1-Olağan ve olağanüstü toplantılar Madde 17 2-Olağan
ve olağanüstü toplantılar Madde 26
3-İstatistik düzenlenmesi Madde 44 4-Örf,
adet ve teamüller Madde
46
5-Örf, adet ve teamüller Madde 47 6-Hakem veya hakem
heyeti Madde 50
7-Tahkime başvurma ve itiraz Madde
51 8-
Meclisin bilgi edinme ve denetim Madde
79
9- Komisyonlar Madde
80 10-Oda ve
borsalar arası ilişki Madde
81
.
Dr.Mustafa Naci YALÇINKAYA
Kdz.Ereğli T.S.O Meclis Üyesi
OLMASI GEREKEN ŞEKİL;
Öncelikle
TSO sı kendini tanıması gerekir. Bunun için ;
1-Bir S.T.K olan Kdz EREĞLİ T.S.O. nın şehrimizin yönetimindeki yerini
iyi bilmesi gerekir. Bir şehrin yönetiminde 3 temel makam vardır.

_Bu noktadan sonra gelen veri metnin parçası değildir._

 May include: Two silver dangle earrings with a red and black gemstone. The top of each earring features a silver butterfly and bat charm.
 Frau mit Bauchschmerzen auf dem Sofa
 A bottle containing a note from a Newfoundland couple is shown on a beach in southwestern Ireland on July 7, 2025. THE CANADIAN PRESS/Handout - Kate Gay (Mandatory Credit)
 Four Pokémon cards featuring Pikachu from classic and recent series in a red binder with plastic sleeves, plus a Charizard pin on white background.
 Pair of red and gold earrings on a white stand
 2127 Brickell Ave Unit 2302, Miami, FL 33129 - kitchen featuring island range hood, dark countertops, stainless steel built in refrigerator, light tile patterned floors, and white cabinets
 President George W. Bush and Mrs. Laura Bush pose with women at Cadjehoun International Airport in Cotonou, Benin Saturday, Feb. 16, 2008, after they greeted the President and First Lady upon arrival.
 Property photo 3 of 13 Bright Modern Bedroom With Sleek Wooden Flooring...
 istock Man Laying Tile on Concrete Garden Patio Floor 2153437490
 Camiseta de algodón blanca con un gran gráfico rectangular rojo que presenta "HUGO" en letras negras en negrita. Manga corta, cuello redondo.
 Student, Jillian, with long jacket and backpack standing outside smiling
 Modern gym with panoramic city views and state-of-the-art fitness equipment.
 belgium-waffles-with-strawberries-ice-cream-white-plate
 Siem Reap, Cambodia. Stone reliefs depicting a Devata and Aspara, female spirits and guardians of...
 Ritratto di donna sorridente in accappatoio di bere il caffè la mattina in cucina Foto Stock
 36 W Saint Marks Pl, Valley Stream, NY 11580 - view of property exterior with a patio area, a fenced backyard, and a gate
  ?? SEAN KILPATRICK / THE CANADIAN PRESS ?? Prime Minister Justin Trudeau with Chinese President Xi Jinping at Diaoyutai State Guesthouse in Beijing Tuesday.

Bunlardan birincisi atanmış bürokrat olan vali-kaymakamlık
makamıdır. Belirli bir süresi olmamakla birlikte en fazla birkaç yıl görev
yaparlar. Daha sonra başka bir göreve atanırlar. İkincisi Belediye Başkanlığı makamıdır ki belirli bir süreliğine (5 yıl
gibi) halk tarafından seçilir. Halkın sevgisini güvenini kazanırlarsa göreve
devam ederler. Üçüncüsü ve en önemlisi
şehrin EŞRAFIDIR. Bu
terimin günümüzdeki karşılığı ise TSO-Meslek Odalarıdır. Ve içlerinde en
önemli ve belirleyici olan TSO lardır. Çünkü şehrin ticaret hayatını
yönlendiren onlardır da ondan. Ve görevleri hiçbir zaman bitmez. Ticaretin
içinde aktif olmasalar da ömür boyu devam eder. Sadece kendi içlerinden
seçtikleri TEMSİLCİLER değişir.
TSO yönetimine
talip olan tüm üyeler bu hususu iyi bilmelidir. Gücünü bilmeyenden icraat
beklemek anlamsızdır.
2-TSO
üyelerinin her birinin özellikleri bilinmelidir;
Kurumsal olarak
gücünü ve önemini kavramış bir TSO nun asıl gücü ÜYELERİNİN güçlerinin
oluşturacağı sinerjidir. Nasıl ki kurumsal kimliği olan Üniversiteler, Spor
Kulüpleri, Siyasi partiler,Şirketler,STK lar statü olarak ortak bir yapıya sahiptirler. Kurumsal
yapıyı oluşturan paydaşların farklılığından Üniversitelerin kaliteleri, spor
kulüplerinin lig sıralaması, Siyasi Partilerin iktidar-muhalefet olmalarını ,STK
larında etkinliğini belirliyorsa TSO larda üyelerinin
bilgi-eğitim-donanım-kültürel yapı-ekonomik güç-insan gücü gibi özellikleri ile
güçlü olurlar. İşte bu gücü ortaya çıkarmak ise üyelerin özelliklerini bilmek
ile olur.
ÇALIŞMA DÜZENİ;
1-Meclis üyeleri-Başkanlık Divanı-Yönetim
Kurulu ve Meslek Komitelerinin uyum içinde olması gerekir. Uyum içinde
olmak demek herkes aynı şeyi söyleyecek demek değildir. Tam tersi, herkes
fikrini söyleyecek. Yapılması gerekenler-yapılmaması gerekenler meşru
zeminlerde tartışılacak ve ORTAK AKIL
gereği bir karara varılacak. Uyumdan anladığımız budur.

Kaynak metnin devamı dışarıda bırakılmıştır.